Quando interrogado sobre os livros que devem ser indicados aos estudantes, o professor e crítico espanhol Luis Daniel Gonzáles recomenda que os mediadores selecionem obras que possibilitem aos jovens leitores “conhecer-se melhor e apreciar melhor a complexidade da realidade, as que os fazem sair de si mesmos e lhes abrem aos problemas dos demais, as que abordam a profundidade e a visão de conjunto que seus anos de vida ainda não lhes puderam dar”¹.

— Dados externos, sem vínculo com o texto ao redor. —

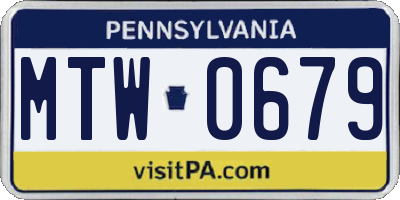 PA license plate MTW0679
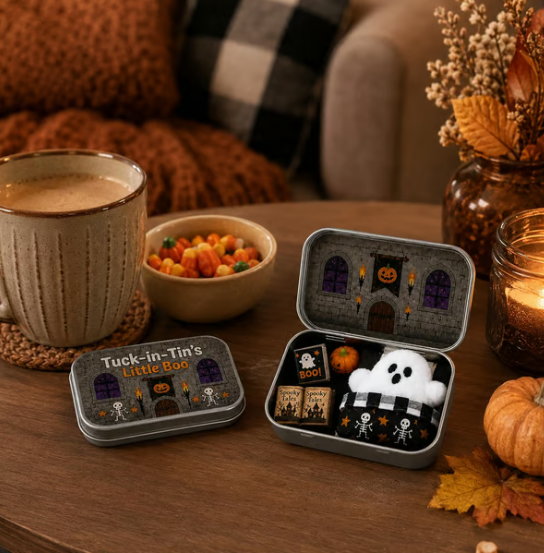 Halloween Mini Ghost Tin Box Set - Cute Spooky Halloween Travel Figurine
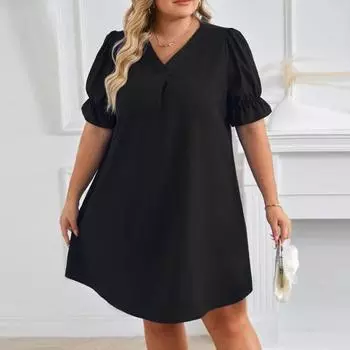 Женское повседневное платье с v-образным вырезом и пышным коротким рукавом, однотонное платье, свободное платье длиной до колена, большие размеры 3XL чёрный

Entendemos essa recomendação como uma aposta na ampliação da experiência por meio da leitura. Lendo e conhecendo vidas feitas de palavras, os leitores conseguem sair da própria realidade e visitar outros mundos, povoados de pessoas que, embora sejam feitas de papel e tinta, tornam-se companheiras de trajetória por um tempo. Não raro, essa convivência com mundos distantes deixa marcas profundas, que ficam guardadas na lembrança por muitos anos.

Esse parece ser o caso do clássico O meu pé de laranja lima, de José Mauro de Vasconcelos. Tão logo a lista de livros do 7o ano chega às mãos dos pais, começamos a ouvir depoimentos sobre as lembranças dessa leitura: “Como era triste!”, “Como eu chorei!”. E os alunos rapidamente nos trazem essas notícias: “Minha mãe leu quando era pequena”, “Meu pai disse que foi o livro de que ele mais gostou quando tinha a minha idade”.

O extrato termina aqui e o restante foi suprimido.